Nonetheless, I must ask how this bears on his role as chief negotiator in the peace talks?  Helmer chooses to ignore that the biggest failing of Medinsky as Culture Minister and as author-editor of history books was his overbearing patriotism, or nationalism, if you will. 

Mention of Medinsky’s birth and early years in Ukraine is really a false scent if Helmer intends to impune his zeal for defending Russian interests.  In Soviet times, Party and military families moved jobs and lived all across the USSR. If you look at the upper echelons of Russia’s political establishment, you will find a great many examples of Russians who grew up in Ukraine and/or come from mixed marriages.  The Number Three ranking politician, chairwoman of the upper house of parliament, Valentina Matviyenko, is a case in point.

Could Medinsky have negotiated a treaty with Kiev that betrayed Russia’s state interests?  I think that has to be excluded. After all, he did not go into the talks as sole negotiator, only as the lead.  At his side there was Leonid Slutsky, who was present in his capacity as Chairman of the Duma Committee for International Affairs. Slutsky was/is the successor to the arch nationalist founder of the LDPR party Vladimir Zhirinovsky, who, we were recently reminded by Russian state television, was saying back in 2014 that Ukraine is not a country but a collection of beggars who should not be given one ruble (this when Putin was offering them $15 billion to keep them on Russia’s side and out of the clutches of the EU). Accordingly, Slutsky’s  complicity in a sell-out of Russian interests, of a capitulation to satisfy oligarchs, is unthinkable.

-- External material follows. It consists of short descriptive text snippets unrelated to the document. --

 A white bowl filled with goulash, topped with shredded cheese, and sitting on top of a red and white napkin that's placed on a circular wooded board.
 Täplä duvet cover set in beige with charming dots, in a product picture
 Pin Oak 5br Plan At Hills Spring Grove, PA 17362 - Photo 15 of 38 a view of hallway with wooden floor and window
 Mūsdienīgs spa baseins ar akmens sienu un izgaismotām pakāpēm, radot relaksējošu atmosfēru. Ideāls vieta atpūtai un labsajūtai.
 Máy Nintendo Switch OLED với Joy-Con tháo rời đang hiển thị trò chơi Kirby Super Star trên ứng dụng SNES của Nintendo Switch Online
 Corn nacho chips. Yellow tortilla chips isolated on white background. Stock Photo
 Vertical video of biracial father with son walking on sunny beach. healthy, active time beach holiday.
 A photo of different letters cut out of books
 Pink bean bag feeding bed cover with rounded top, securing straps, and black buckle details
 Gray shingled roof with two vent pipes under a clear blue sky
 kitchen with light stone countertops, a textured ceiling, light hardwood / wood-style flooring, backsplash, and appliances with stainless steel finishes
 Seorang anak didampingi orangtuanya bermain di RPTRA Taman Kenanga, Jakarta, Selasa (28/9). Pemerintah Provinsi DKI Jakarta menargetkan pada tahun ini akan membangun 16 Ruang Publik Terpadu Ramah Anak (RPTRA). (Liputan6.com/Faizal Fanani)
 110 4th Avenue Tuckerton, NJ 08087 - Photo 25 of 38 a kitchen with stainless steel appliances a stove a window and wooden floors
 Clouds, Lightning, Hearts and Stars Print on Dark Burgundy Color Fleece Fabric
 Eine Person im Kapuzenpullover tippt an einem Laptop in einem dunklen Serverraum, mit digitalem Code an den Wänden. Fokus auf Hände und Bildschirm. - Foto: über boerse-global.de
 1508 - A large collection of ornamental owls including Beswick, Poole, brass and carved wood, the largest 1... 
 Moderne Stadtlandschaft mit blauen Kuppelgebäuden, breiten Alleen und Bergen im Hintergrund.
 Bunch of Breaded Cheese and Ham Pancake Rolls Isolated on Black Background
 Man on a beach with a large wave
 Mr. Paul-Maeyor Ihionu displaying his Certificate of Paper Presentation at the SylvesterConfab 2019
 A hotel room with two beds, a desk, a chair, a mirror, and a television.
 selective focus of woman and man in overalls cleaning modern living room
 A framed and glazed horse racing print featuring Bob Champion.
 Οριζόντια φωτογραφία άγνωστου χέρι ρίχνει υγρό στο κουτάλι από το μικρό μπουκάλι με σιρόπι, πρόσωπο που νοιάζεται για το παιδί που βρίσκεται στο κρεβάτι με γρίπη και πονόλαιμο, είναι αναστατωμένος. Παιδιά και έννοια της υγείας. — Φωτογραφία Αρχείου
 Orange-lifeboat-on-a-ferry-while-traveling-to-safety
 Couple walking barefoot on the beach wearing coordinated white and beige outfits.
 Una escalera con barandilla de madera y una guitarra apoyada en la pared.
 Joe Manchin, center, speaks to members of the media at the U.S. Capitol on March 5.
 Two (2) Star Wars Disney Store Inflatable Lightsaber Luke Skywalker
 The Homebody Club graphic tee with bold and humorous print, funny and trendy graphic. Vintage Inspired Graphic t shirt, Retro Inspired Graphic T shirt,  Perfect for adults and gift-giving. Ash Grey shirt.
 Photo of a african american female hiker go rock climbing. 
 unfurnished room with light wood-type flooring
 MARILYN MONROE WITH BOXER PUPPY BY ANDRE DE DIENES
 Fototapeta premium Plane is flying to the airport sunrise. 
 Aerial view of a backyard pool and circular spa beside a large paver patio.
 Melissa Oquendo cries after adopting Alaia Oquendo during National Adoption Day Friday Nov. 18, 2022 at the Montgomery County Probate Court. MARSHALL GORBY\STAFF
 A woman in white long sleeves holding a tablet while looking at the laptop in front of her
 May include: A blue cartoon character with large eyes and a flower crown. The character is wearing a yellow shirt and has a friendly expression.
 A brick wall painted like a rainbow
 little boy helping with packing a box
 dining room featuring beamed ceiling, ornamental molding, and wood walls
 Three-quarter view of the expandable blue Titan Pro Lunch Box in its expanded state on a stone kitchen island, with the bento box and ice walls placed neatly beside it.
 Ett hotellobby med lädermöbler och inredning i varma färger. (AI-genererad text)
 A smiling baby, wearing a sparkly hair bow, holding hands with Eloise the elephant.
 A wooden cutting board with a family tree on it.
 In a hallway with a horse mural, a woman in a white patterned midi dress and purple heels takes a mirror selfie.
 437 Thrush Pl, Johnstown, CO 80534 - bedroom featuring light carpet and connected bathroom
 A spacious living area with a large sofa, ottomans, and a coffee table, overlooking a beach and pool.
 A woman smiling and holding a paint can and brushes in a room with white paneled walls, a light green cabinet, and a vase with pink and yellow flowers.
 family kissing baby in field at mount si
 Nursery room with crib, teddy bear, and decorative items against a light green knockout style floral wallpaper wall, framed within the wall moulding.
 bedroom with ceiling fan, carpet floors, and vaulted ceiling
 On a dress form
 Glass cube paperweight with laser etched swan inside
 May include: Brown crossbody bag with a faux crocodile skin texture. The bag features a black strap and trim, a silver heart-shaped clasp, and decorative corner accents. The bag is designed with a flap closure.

We do not have the original text of the March 2019 draft treaty to inspect. But the very fact that it was not a dozen pages long but well more than a hundred, that it was a couple of inches thick, tells us that the terms governing Ukraine’s future military and state status were very detailed, meaning almost certainly that Russia’s security interests and the welfare of the Russian speakers in what remained of Ukraine would be assured.

Helmer does well to call our attention to the contradictory voices in the Russian civilian and military elites. He also does well to pose questions about Vladimir Putin’s judgment in pursuing a ‘gently, gently’ policy and ignoring the violation of Russia’s red lines by NATO for far too long. 

But that last issue would appear to be behind us. The latest definition of Russia’s nuclear doctrine was as tough as tough can be.  It seems that the Putin government has turned a corner, something which the longtime critic of Putin’s gentlemanly ways, Paul Craig Roberts, celebrates in his latest web essay.